Sunday 18 March 2012

The 2kDozen 500: #107 - Sentridoh, "Weed Forestin'"

Bit short for time today due to tequila issues last night blighting my thoughts today. I am sufficiently collected together now to relay a few now.

It's music from that lush pre-Oasis era when indie was a far more exciting tab than it's since become. Originally self-released on two cassettes in the late Eighties, this was Lou Barlow's melodic, lo-fi outlet for his non-Dinosaur ideas before Sebadoh came about as a full band. Recorded and discarded at the speed of thought, the songs make their point and leave pretty quickly and include similar distorted vocals to the ones on the Ween album from a few days ago. Clippings of classical music and other mutterings lie between the songs themselves.


Similar to Beck's earlier stuff, the lyrical tone is of power, violence, evil and weakness. I suppose this is one of the qualities of home recording, that you can be as raw in your subject matter as you want, then decide whether to release it later.
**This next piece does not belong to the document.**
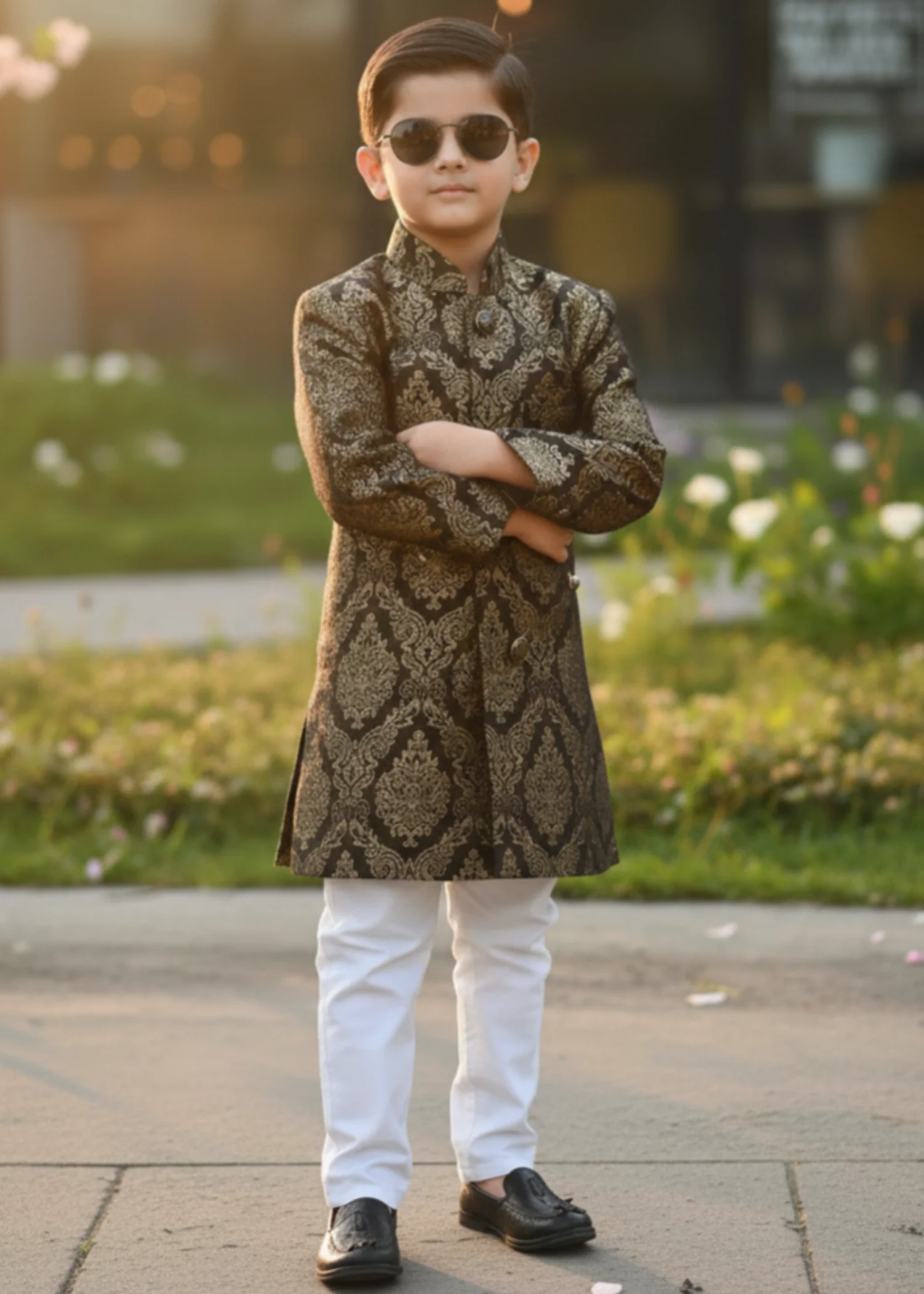jamawar Sherwani in Black - view 7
Social brakes are off. "Perfect Power" has a neat menace: "No-one's strong enough to make me stop". He seethes about the "stinking display of your sexual confusion" before it breaks down into a scary whispering round about Jesus and a homemade collage of mangled tunes. "Three Times a Day" and "Pound My Skinny Head" are about wanking and you can't get much more DIY than that. Dysfunctional sounds reflecting the dysfunctional creature that records them.
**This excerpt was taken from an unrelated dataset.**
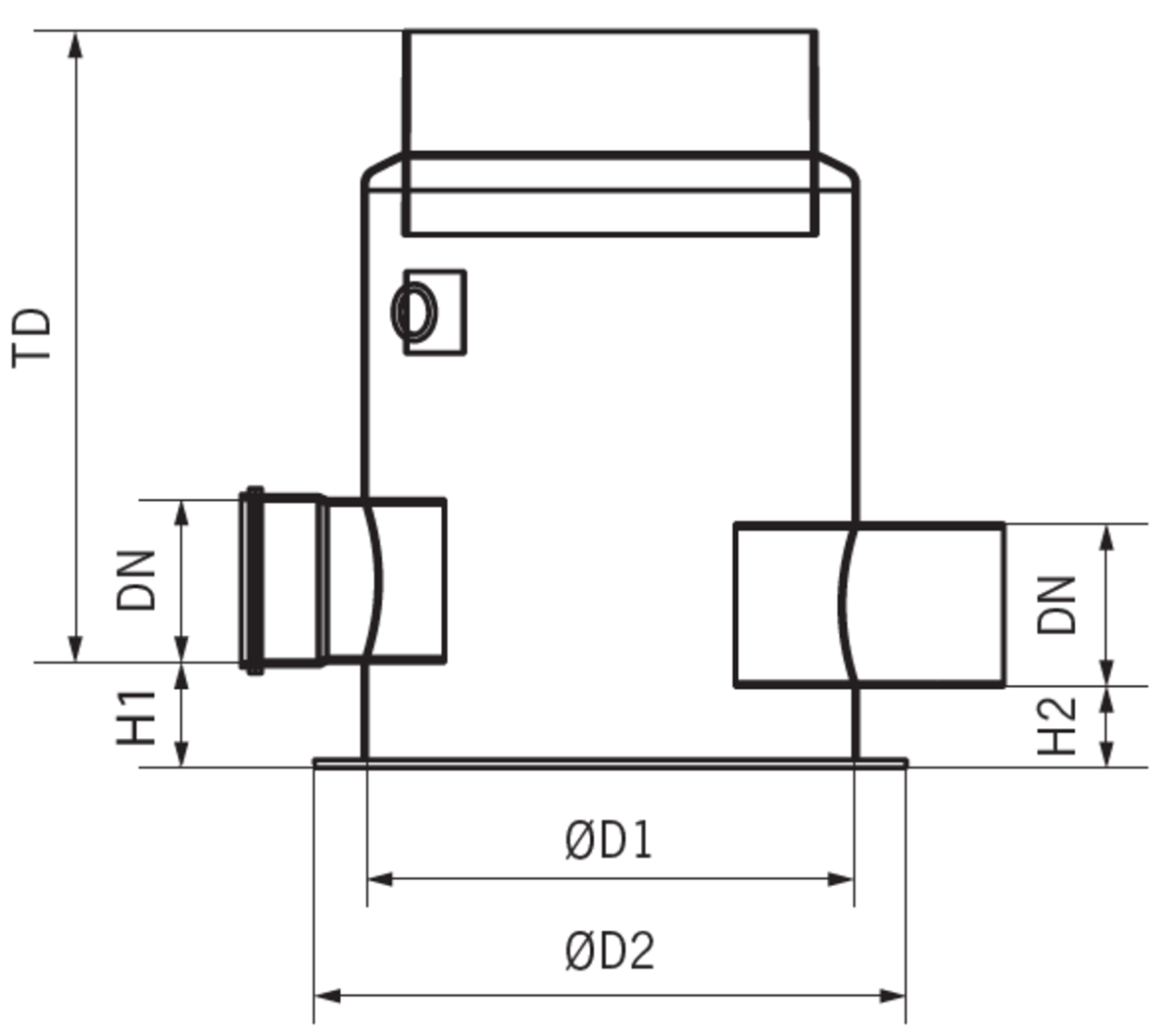 Esquema técnico de la arqueta para toma de muestras con conexión Ø160 y gradiente de 30mm, fabricado en plástico reforzado con fibra de vidrio (GRP). De dimensiones Ø728 H755.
I can imagine Lou busking "I Believe in Fate"at a train station in a Match.com advert: "I believe in Fate/Cos Fate believes me/Some girl I don't know is waiting to marry me". "Pretend that it's for forever/And then proceed to crush each other" suggests he isn't too happy about the idea. And then there's some porn barking and some lissom orchestral slink.

The album closes with "Brand New Love" which is more delicate than most of the album and perhaps more optimistic, despite itself. "Follow what you feel/You alone decide what's real/And anyone could be your brand new love." Then it ends.